I think some here are mis-interpreting Walters position 
concerning static analysis from our earlier conversation, so I'll 
share my impression of his thoughts.

I can't speak for Walter, of course, but I'm pretty sure that 
early on in our conversation he agreed that having the compiler 
catch local scope initialization issues was a good idea, or at 
least, wasn't a bad one (again, correct me if I'm wrong). I doubt 
he would be adverse to eventually having DMD perform this sort of 
static analysis to help developers, though I doubt it's a high 
priority for him.

The majority of the conversation after that was concerning 
struct/class fields defaults:

   class Foo
   {
       float x; // I think this should be 0.0f
                // Walter thinks it should be NaN
   }

In this situation static analysis can't help catch issues, and 
we're forced to rely on a default value of some kind. Both Walter 
and I have stated our opinion's reasoning previously, so I won't 
repeat them here.

Aug 14 2012

"Simen Kjaeraas" <simen.kjaras gmail.com> writes:

On Tue, 14 Aug 2012 16:32:25 +0200, F i L <witte2008 gmail.com> wrote:

    class Foo
    {
        float x; // I think this should be 0.0f
                 // Walter thinks it should be NaN
    }

 In this situation static analysis can't help catch issues, and we're  
 forced to rely on a default value of some kind.

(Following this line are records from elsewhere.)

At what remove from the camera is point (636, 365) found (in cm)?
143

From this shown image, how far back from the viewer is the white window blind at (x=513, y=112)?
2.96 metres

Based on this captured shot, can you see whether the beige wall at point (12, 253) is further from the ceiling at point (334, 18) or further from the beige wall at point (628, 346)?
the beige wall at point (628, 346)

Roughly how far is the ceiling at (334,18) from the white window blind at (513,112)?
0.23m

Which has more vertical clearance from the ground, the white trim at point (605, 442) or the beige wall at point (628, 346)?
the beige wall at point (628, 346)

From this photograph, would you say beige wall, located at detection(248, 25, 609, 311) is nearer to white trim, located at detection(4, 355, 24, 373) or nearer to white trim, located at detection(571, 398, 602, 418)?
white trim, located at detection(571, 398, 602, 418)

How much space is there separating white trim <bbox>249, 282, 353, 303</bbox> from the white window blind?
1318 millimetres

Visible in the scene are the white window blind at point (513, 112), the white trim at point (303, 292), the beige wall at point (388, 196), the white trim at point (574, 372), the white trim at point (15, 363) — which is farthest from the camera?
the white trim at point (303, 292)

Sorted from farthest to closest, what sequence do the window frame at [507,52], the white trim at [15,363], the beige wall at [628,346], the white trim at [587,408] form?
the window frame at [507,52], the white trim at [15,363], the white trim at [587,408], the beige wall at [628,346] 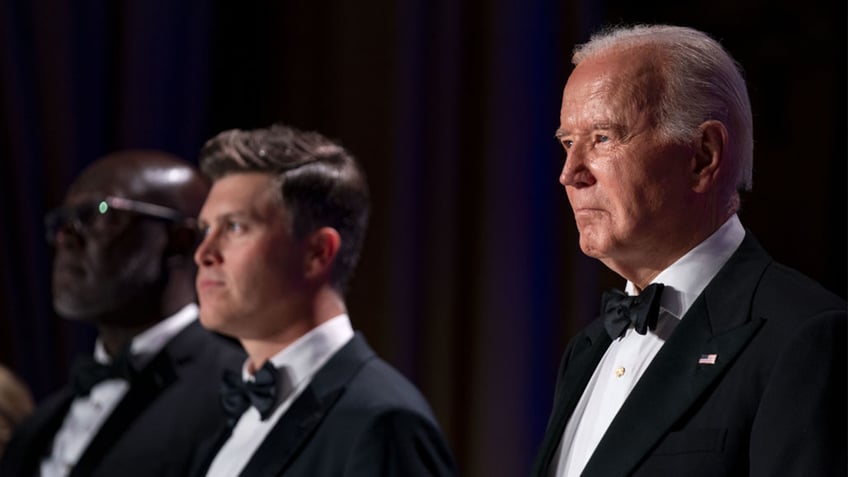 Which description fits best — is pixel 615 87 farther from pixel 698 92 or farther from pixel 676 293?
pixel 676 293

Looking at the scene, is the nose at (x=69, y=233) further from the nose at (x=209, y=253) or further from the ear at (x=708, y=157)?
the ear at (x=708, y=157)

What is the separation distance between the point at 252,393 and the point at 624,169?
3.64ft

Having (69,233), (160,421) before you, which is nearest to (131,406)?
(160,421)

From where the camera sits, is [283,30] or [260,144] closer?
[260,144]

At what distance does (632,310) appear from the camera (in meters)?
1.71

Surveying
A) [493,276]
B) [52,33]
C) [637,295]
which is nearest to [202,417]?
[493,276]

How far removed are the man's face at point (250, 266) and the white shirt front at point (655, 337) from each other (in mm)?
956

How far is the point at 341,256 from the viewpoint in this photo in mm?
2646

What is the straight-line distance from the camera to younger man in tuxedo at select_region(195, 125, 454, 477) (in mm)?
2309

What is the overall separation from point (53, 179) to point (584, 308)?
82.7 inches

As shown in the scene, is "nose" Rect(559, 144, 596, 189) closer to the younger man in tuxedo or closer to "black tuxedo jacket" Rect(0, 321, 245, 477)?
the younger man in tuxedo

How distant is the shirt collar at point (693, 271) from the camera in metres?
1.69

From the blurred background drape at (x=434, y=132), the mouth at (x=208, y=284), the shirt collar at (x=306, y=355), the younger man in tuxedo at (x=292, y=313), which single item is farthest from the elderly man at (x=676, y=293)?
the blurred background drape at (x=434, y=132)

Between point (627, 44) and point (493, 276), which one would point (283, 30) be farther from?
point (627, 44) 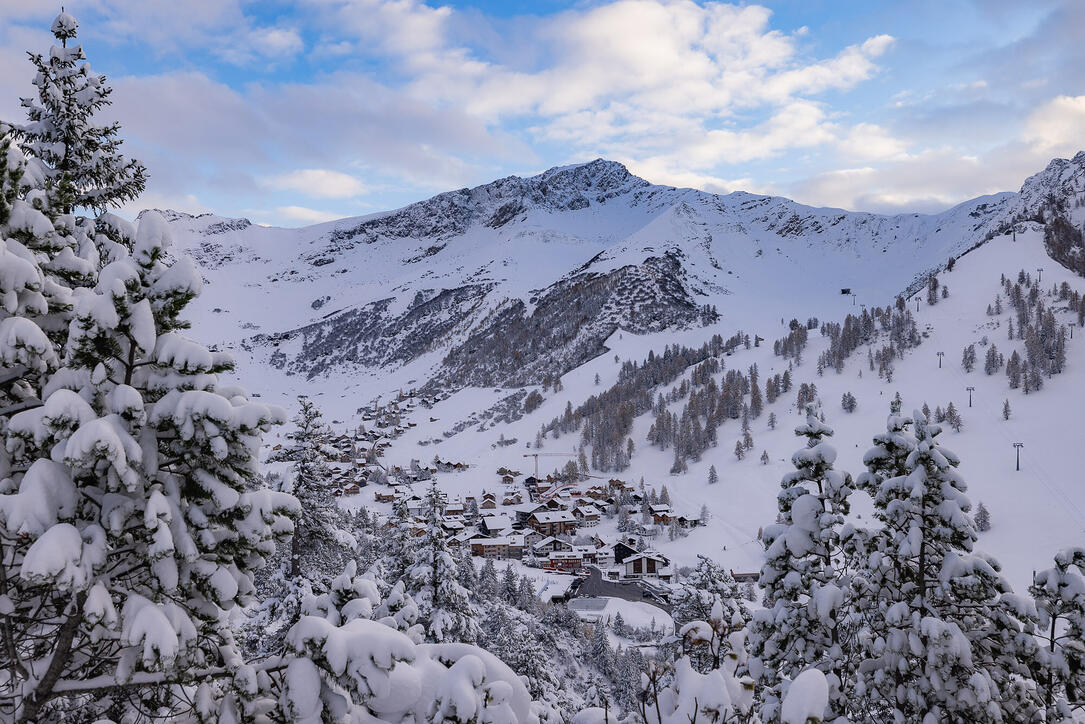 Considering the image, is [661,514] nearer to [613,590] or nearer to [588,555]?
[588,555]

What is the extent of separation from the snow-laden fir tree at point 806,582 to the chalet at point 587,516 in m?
59.2

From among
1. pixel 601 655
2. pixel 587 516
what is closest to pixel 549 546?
pixel 587 516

Really? We can catch (or, should be able to) missing initialization
of stuff with  disable this(), but not floats?

Classes have constructors, which lend themselves perfectly to doing
exactly this (just pretend the member is a local variable).

Perhaps there are problems with structs without disabled default
constructors, but even those are trivially solvable by requiring
a default value at declaration time.

-- 
Simen

Aug 14 2012

"F i L" <witte2008 gmail.com> writes:

On Tuesday, 14 August 2012 at 14:46:30 UTC, Simen Kjaeraas wrote:
 On Tue, 14 Aug 2012 16:32:25 +0200, F i L <witte2008 gmail.com> 
 wrote:

   class Foo
   {
       float x; // I think this should be 0.0f
                // Walter thinks it should be NaN
   }

 In this situation static analysis can't help catch issues, and 
 we're forced to rely on a default value of some kind.

 Really? We can catch (or, should be able to) missing 
 initialization
 of stuff with  disable this(), but not floats?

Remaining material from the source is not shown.